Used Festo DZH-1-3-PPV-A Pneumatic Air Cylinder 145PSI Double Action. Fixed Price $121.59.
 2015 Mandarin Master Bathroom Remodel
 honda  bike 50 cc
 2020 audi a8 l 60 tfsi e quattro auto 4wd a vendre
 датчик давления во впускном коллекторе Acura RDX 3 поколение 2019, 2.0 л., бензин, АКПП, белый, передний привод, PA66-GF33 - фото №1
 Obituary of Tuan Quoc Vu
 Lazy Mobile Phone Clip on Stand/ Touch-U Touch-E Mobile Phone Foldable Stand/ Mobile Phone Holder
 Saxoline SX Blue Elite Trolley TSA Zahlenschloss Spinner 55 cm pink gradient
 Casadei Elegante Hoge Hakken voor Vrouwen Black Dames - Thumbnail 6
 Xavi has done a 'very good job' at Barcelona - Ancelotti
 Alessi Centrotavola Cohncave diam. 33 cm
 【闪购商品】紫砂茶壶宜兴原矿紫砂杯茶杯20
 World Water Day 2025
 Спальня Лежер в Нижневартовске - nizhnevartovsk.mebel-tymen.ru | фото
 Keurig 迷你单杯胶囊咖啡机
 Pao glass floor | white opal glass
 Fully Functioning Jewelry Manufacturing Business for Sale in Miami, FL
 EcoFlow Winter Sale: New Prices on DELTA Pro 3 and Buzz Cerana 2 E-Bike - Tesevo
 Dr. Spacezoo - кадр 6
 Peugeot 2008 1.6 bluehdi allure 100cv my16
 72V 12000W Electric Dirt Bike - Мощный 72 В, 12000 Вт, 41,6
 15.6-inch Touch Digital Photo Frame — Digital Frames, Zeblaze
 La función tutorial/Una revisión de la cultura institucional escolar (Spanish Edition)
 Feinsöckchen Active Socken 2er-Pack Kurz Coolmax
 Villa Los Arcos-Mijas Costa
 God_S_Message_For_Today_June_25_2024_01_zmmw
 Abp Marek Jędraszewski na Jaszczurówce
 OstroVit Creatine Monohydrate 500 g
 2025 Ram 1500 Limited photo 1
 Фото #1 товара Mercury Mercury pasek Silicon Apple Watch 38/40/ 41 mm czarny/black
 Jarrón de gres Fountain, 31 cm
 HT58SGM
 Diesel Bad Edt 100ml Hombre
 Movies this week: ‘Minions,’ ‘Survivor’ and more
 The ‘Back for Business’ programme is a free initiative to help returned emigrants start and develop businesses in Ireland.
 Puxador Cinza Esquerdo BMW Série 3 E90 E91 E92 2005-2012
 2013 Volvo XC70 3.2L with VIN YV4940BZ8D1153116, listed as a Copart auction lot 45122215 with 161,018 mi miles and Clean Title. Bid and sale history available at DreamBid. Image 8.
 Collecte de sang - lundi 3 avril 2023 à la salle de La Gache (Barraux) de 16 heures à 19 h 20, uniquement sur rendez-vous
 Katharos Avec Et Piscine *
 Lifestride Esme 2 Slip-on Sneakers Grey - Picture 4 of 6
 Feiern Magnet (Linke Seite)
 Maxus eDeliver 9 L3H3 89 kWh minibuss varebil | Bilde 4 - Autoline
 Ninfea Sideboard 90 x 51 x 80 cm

> Instructions to follow: Return the span of lines in the data above that opens at the line with "Feinsöckchen Active Socken" and closes at the line with "Movies this week: ‘Minions,’", exactly, ends included, nothing else.

> Reply:
 Feinsöckchen Active Socken 2er-Pack Kurz Coolmax
 Villa Los Arcos-Mijas Costa
 God_S_Message_For_Today_June_25_2024_01_zmmw
 Abp Marek Jędraszewski na Jaszczurówce
 OstroVit Creatine Monohydrate 500 g
 2025 Ram 1500 Limited photo 1
 Фото #1 товара Mercury Mercury pasek Silicon Apple Watch 38/40/ 41 mm czarny/black
 Jarrón de gres Fountain, 31 cm
 HT58SGM
 Diesel Bad Edt 100ml Hombre
 Movies this week: ‘Minions,’ ‘Survivor’ and more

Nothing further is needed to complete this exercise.